### WHAT THE TASK ASKS
Find each line in the records below that contains the word "cover", and copy it out.

Records contained in a dataset
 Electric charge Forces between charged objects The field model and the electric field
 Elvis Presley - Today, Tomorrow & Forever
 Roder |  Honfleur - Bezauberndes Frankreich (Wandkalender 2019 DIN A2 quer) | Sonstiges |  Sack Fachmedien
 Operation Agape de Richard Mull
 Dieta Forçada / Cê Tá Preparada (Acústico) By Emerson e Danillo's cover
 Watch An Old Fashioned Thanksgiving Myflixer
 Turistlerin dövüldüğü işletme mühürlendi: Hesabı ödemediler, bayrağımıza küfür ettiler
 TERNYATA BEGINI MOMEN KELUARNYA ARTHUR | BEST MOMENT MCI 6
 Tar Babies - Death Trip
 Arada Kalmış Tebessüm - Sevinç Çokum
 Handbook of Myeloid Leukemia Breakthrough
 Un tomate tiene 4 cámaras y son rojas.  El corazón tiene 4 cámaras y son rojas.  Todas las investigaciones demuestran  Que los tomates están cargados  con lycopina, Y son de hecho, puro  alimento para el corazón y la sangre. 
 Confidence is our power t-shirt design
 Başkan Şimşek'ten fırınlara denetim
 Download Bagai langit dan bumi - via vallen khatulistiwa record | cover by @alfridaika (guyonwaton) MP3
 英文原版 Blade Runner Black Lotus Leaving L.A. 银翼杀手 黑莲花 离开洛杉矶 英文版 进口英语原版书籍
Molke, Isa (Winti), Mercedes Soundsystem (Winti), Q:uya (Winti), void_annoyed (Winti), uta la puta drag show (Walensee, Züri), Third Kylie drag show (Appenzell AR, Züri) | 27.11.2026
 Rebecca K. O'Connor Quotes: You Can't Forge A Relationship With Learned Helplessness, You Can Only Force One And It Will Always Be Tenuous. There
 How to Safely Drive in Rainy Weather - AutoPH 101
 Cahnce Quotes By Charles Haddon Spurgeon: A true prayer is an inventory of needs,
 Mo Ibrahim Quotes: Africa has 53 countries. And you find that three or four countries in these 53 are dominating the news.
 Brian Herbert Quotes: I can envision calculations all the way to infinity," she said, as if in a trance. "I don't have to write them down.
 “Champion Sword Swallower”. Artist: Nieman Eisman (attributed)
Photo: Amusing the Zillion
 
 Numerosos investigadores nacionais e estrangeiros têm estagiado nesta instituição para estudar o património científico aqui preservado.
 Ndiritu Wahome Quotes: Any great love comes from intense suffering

### RESULT
 Dieta Forçada / Cê Tá Preparada (Acústico) By Emerson e Danillo's cover
 Download Bagai langit dan bumi - via vallen khatulistiwa record | cover by @alfridaika (guyonwaton) MP3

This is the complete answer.